This power increasingly relies on an emerging digital control grid.

This grid is built from cashless transactions, biometric ID and ubiquitous surveillance, fusing payment systems, identity systems and monitoring into a single architecture of compliance. It is sold to the public by turning convenience into fate.  

First, it offers speed. Then it offers ease. Then it makes those things feel indispensable. Before long, dependence passes for common sense. The environment reshapes the inhabitant until the habitat feels like the only reality.  

The answer lies not just in saying ‘no’ but in building a parallel way of living, already visible in fragments across allotments, co-operatives, farms, kitchens, village halls and local markets. It is already being lived wherever people still grow, share, repair and eat outside the scripts of the supermarket and the platform.  

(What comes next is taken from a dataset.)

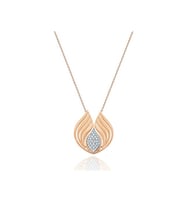 Diamond Line-Gülaylar Altın 14 Ayar Trend Kolye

Ivan Illich argued that tools must serve people. In Britain, allotments still carry that truth in the soil. They are working places of sovereignty where people grow, save, compost, swap and learn in public, with knowledge shared by word of mouth.  

The same spirit lives in seed swaps and seed libraries, where open-pollinated seed stays in circulation and the power to reproduce food remains with those who grow it. It lives in places such as Transition Town Totnes and in co-operatives like Suma, which have shown for decades that food distribution does not have to follow supermarket logic. Beyond Britain, similar principles appear wherever communities preserve local seed, rebuild soils or organise food production around cooperation rather than dependency.  

James C Scott understood what states and corporations dislike most: people who cannot be fully mapped. Cash still matters for that reason. In farmers’ markets, village shops, roadside stalls and countless everyday exchanges, it keeps trade direct and local. It allows producers and buyers to deal with one another without every transaction becoming another stream of data to be processed, monitored and controlled.  

Allotments demonstrate the point. Seed, advice, timing, pest control and experience circulate informally. There is power in that autonomy. It is an ordinary form of cooperation that, on the surface at least, does not even resemble resistance.  

Guy Debord wrote about the Spectacle, where people are trained to watch life instead of live it. Community-supported agriculture bucks the trend and is a practical form of refusal. Farms such as Tablehurst and Stroud Community Agriculture have built direct relationships between growers and eaters. Food becomes part of a living relationship. The same principle can be seen in buying groups, food co-operatives, farmers’ markets and neighbourhood veg-box schemes. You stop being a customer and become part of a food culture.  

A parallel system does not need a majority to survive. It only needs enough committed people to make it real. We see it in community-owned shops, repair cafés, tool libraries and local bakehouses, where competence is rebuilt simply by doing things together.  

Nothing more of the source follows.